# [Task goal]
Your output should be everything below from the line containing "or office networks" down to the line containing "Motor de Sofagem", both ends included, copied exactly, with pictures left out.

# [Provided data]
————————

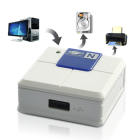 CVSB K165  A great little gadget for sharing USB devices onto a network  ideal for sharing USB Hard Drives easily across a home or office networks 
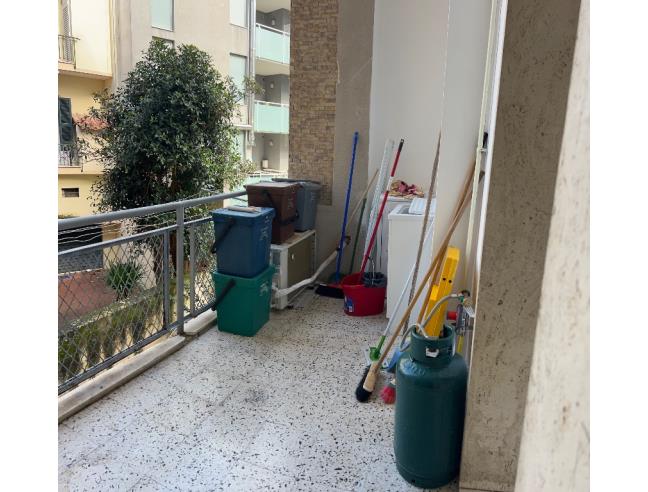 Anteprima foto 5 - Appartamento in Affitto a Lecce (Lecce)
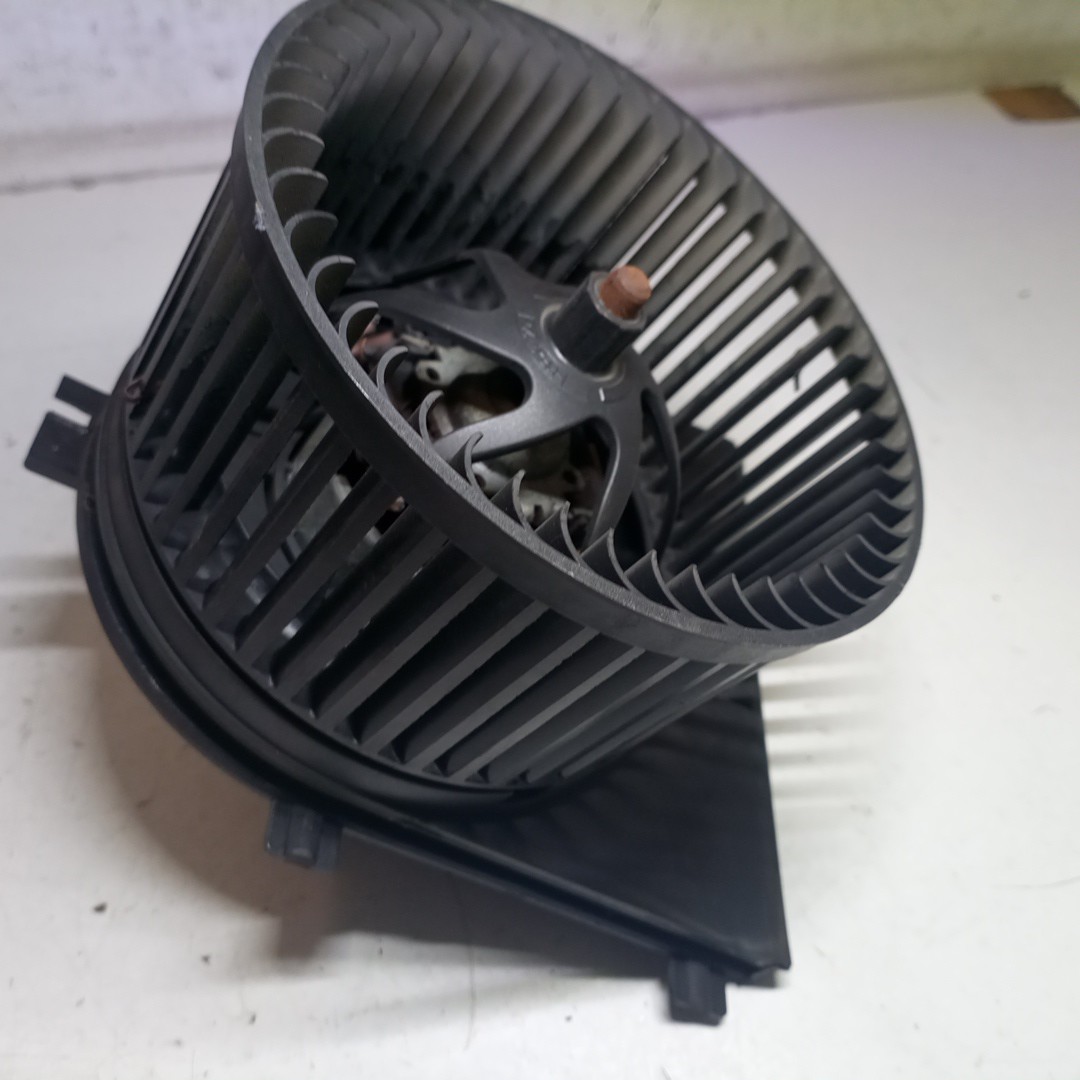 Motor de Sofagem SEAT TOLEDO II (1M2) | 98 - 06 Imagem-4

————————

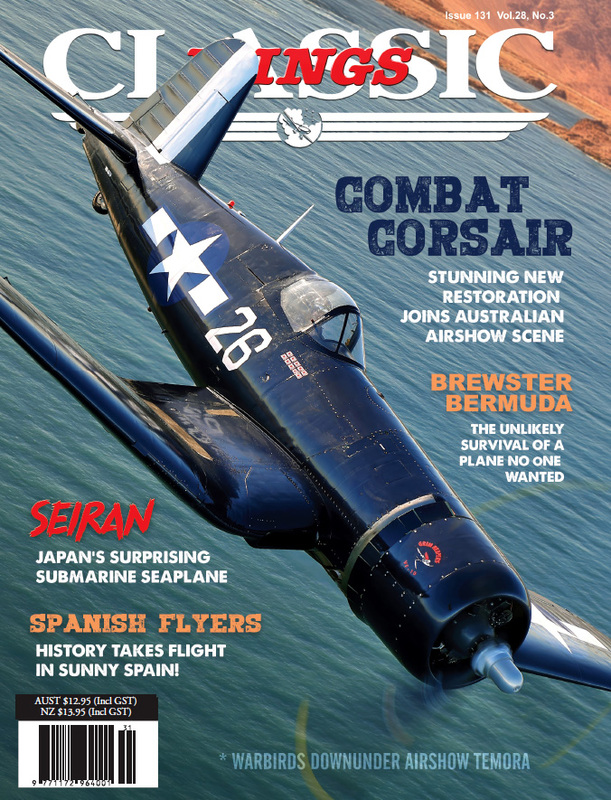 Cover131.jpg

————————

# [Solution to this task]
 CVSB K165  A great little gadget for sharing USB devices onto a network  ideal for sharing USB Hard Drives easily across a home or office networks 
 Anteprima foto 5 - Appartamento in Affitto a Lecce (Lecce)
 Motor de Sofagem SEAT TOLEDO II (1M2) | 98 - 06 Imagem-4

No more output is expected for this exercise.